All Products
Search
Document Center

Container Registry:Use the P2P acceleration feature

Last Updated:Feb 21, 2025

The P2P acceleration feature can accelerate image pulls to reduce the amount of time that is required to deploy applications. If a large number of nodes in a container cluster need to pull an image at the same time, you can use the P2P acceleration feature to accelerate image pulls. This topic describes how to use the P2P acceleration feature to accelerate image pulls.

Background information

If a large number of nodes in a container cluster need to pull an image at the same time, the network bandwidth of the container image storage may become a performance bottleneck. The P2P acceleration feature uses the bandwidth resources of compute nodes to distribute images across nodes. This reduces the pressure on container image storage, accelerates image pulls, and reduces the amount of time that is required for application deployment. Test results indicate that if 1000 nodes pull a 1GB-sized image at the same time in a network that has a bandwidth of 10 Gbit/s, the P2P acceleration feature reduces the image pull time by more than 95% compared with the regular image pull mode. In addition, the new P2P acceleration mode improves performance by 30% to 50% compared with the old P2P acceleration mode. By default, the new P2P acceleration mode is used when Container Registry loads image resources on demand. For more information, see Load resources of a container image on demand.

You can use the P2P acceleration feature in the following types of clusters:

  • Container Service for Kubernetes (ACK) clusters

  • On-premises clusters and clusters of third-party cloud service providers

Prerequisites

A P2P acceleration agent is installed in the cluster.

Limits

After you enable the P2P acceleration feature, the P2P acceleration agent uses a webhook to replace your container image address with the address of the P2P-accelerated image. For example, the P2P acceleration agent replaces your original image address (test****vpc.cn-hangzhou.cr.aliyuncs.com/docker-builder/nginx:latest) by using the address (test****vpc.distributed.cn-hangzhou.cr.aliyuncs.com:65001/docker-builder/nginx:latest) of the P2P-accelerated image.

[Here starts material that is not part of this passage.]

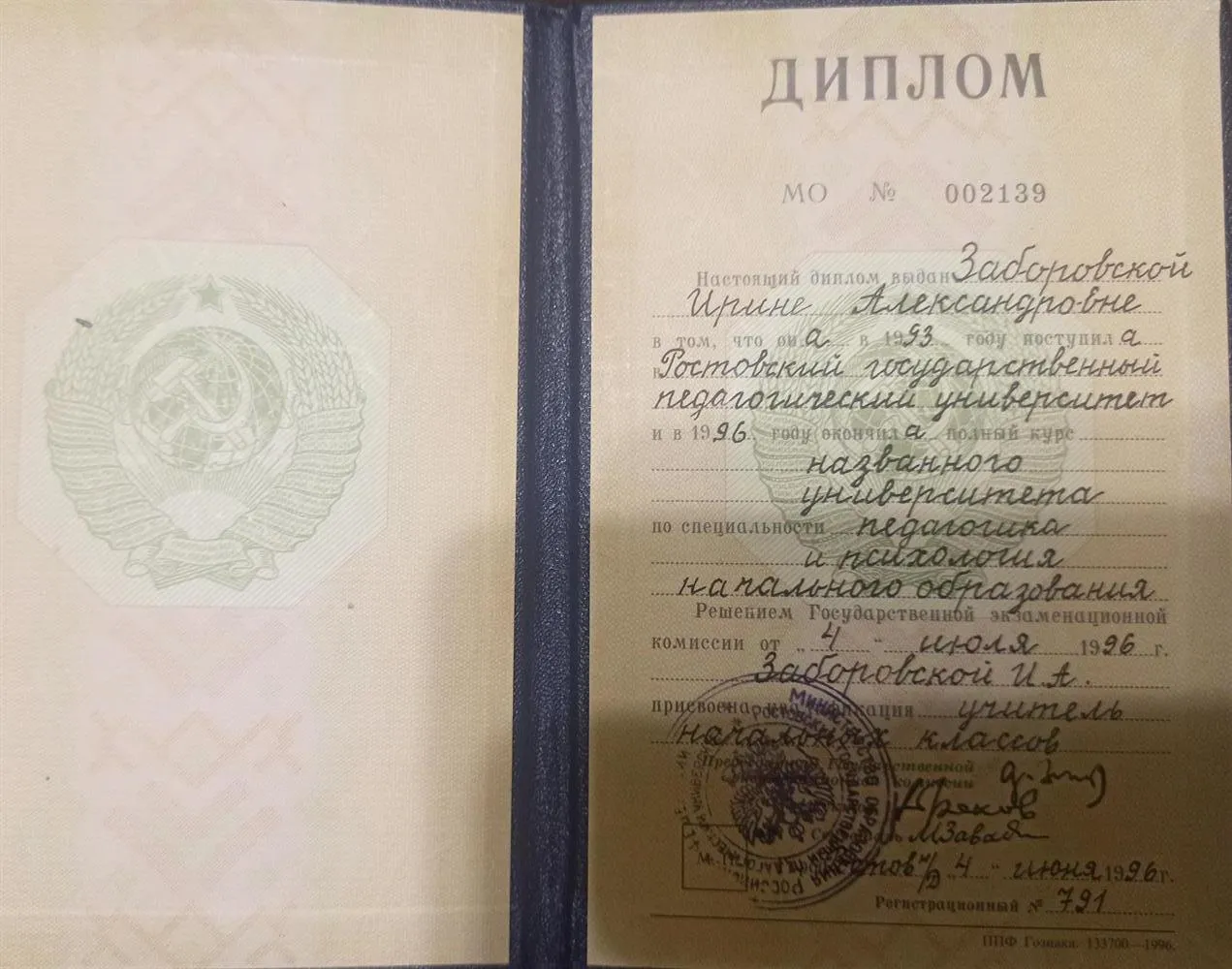 Диплом о высшем образовании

In addition, the webhook automatically generates an image pull key to pull P2P-accelerated images. The generated image pull key is copied from the original image pull key. The generation of the image pull key and the replacement of the image address are asynchronous. Therefore, we recommend that you issue the image pull key or manually create an image pull key that is required for image pulls before you issue a workload. In the preceding example, the image pull key is created in the test-registry-vpc.distributed.cn-hangzhou.cr.aliyuncs.com:65001 domain. This can prevent image pull failures caused by image address replacement.

Enable P2P acceleration

You can add the P2P acceleration label to workloads such as pods and Deployments to enable P2P acceleration for the workloads. You can also add the P2P acceleration label to a namespace in your ACK cluster. This way, P2P acceleration is enabled for all workloads that meet acceleration conditions in the namespace. You do not need to modify the YAML files of the workloads to enable P2P acceleration. You can select a method to add the P2P acceleration label based on your business requirements.

Note

The name of the P2P acceleration label is k8s.aliyun.com/image-accelerate-mode and the value is p2p.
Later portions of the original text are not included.